I'm trying to Query data using python pandas library. here is an example json of the data...
[
{
"name": "Bob",
"city": "NY",
"status": "Active"
},
{
"name": "Jake",
"city": "SF",
"status": "Active"
},
{
"name": "Jill",
"city": "NY",
"status": "Lazy"
},
{
"name": "Steve",
"city": "NY",
"status": "Lazy"
}]
My goal is to query the data where city == NY and status == Lazy.
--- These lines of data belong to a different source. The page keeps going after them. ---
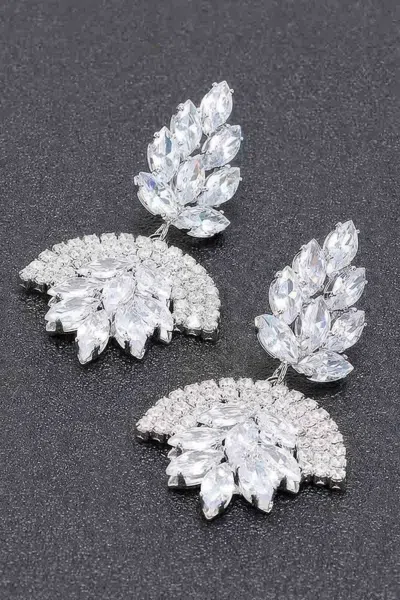 Fashnzfab Rhinestone Party Earring In Silver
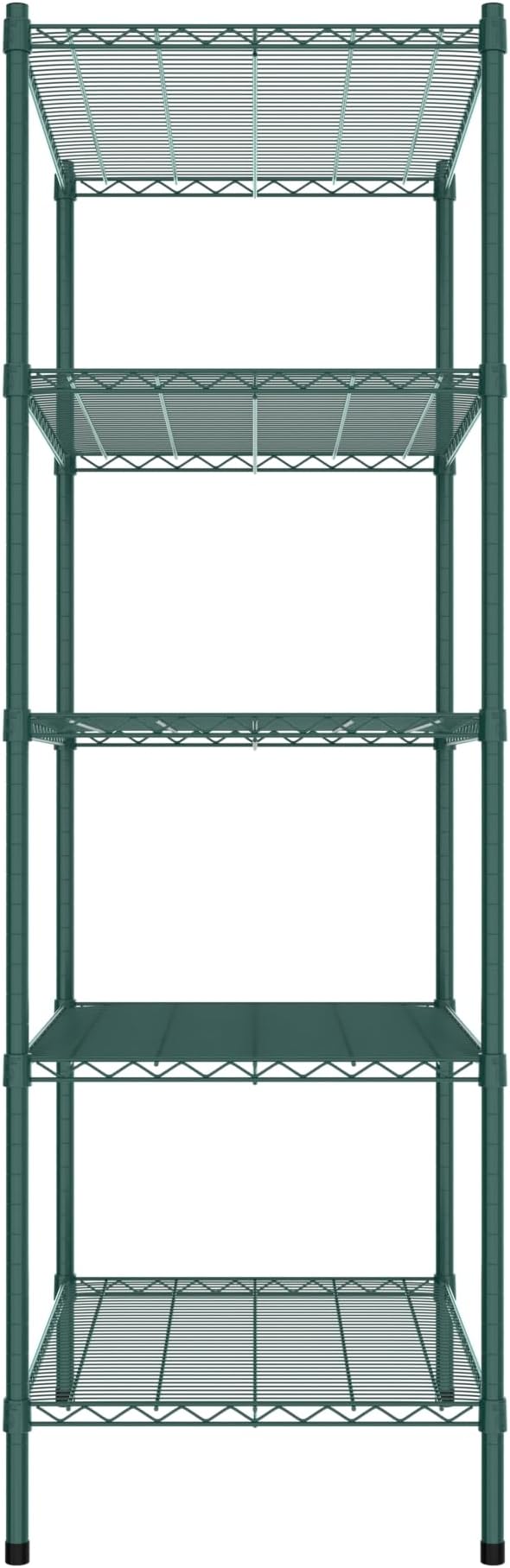 Commercial NSF Listed Green Epoxy Stationary Wire Shelving Kit 24" x 36" x 74", with 5 Shelves Perfect for Warehouse, Walk-in Refrigerator, Freezer, Grocery Store, Restaurant, Dishroom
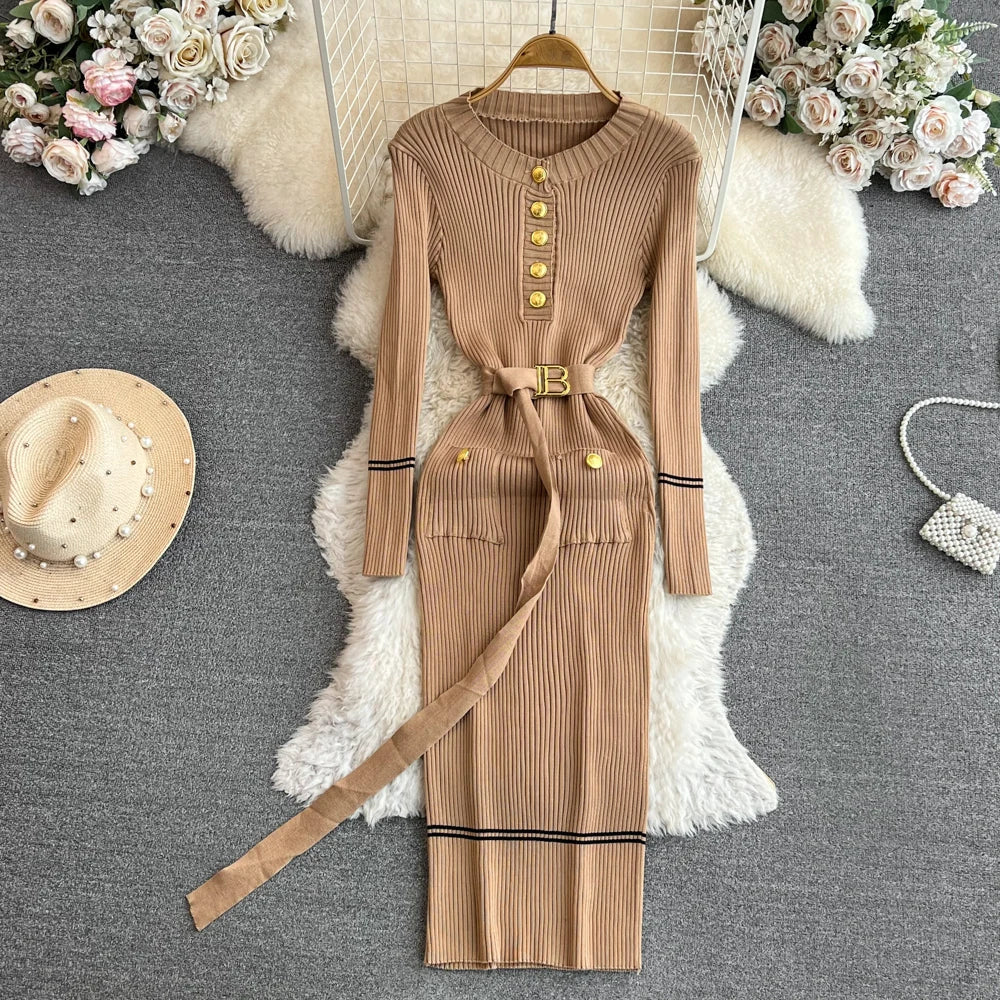 Women Dress  Autumn Winter Elegant Rib Knit Long Pencil Dress with Belt Office Lady Bodycon Sweater Dress Vestidos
One way using pandas DataFrame is to do...
df = df[(df.status == "Lazy") & (df.city == "NY")]
This is working fine but i wanted this to be more abstract.
This there way I can use **kwargs to filter the data? so far i've had trouble using Pandas documentation.
so far I've done.....
def main(**kwargs):
readJson = pd.read_json(sys.argv[1])
for key,value in kwargs.iteritems():
print(key,value)
readJson = readJson[readJson[key] == value]
print readJson
if __name__ == '__main__':
main(status="Lazy",city="NY")
again...this works just fine, but I wonder if there is some better way to do it.
I don't really see anything wrong with your approach. If you wanted to use df.query
you could do something like this, although I'd argue it's less readable.
expr = " and ".join(k + "=='" + v + "'" for (k,v) in kwargs.items())
readJson = readJson.query(expr)